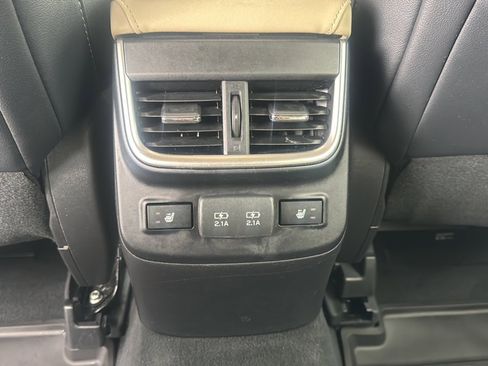 Used 2020 Subaru Outback Limited AWD/4WD image 23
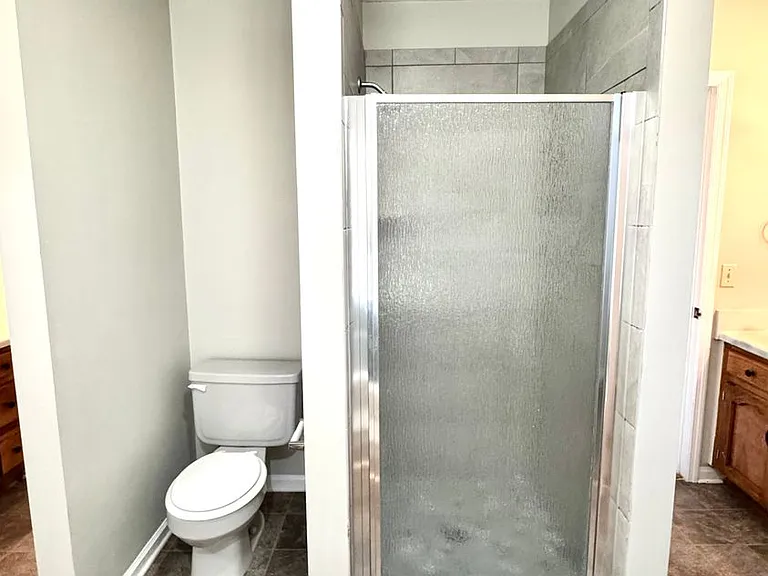 205 Oak Bluff Dr — Photo 31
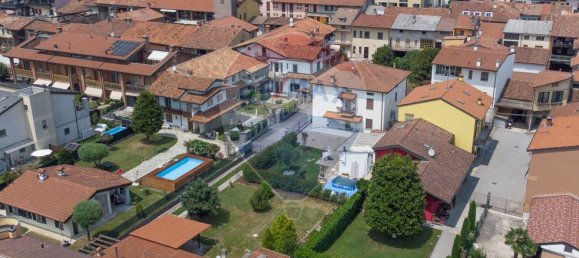 Grundstück in Castel Rozzone, Italy 512m², Nr. 309132 12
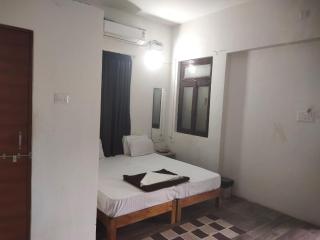 HOTEL SUDHAKAR ROOMS AND DORMITORYs - 1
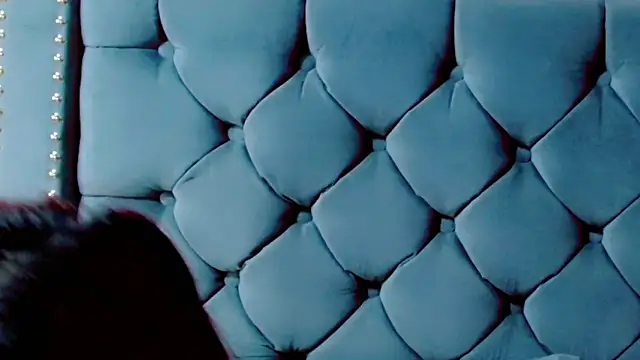 Imannejulienne online show from 10/14/25, 01:28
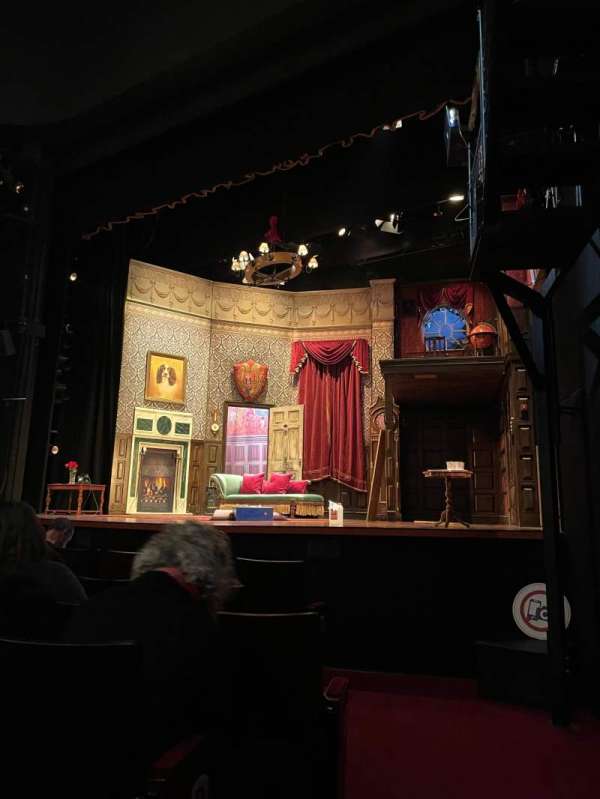 Vue depuis les Stalls au Duchess Theatre à Londres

———

Assignment
From the first line to the last, output the data exactly; skip any pictures.

Your response
 Used 2020 Subaru Outback Limited AWD/4WD image 23
 205 Oak Bluff Dr — Photo 31
 Grundstück in Castel Rozzone, Italy 512m², Nr. 309132 12
 HOTEL SUDHAKAR ROOMS AND DORMITORYs - 1
 Imannejulienne online show from 10/14/25, 01:28
 Vue depuis les Stalls au Duchess Theatre à Londres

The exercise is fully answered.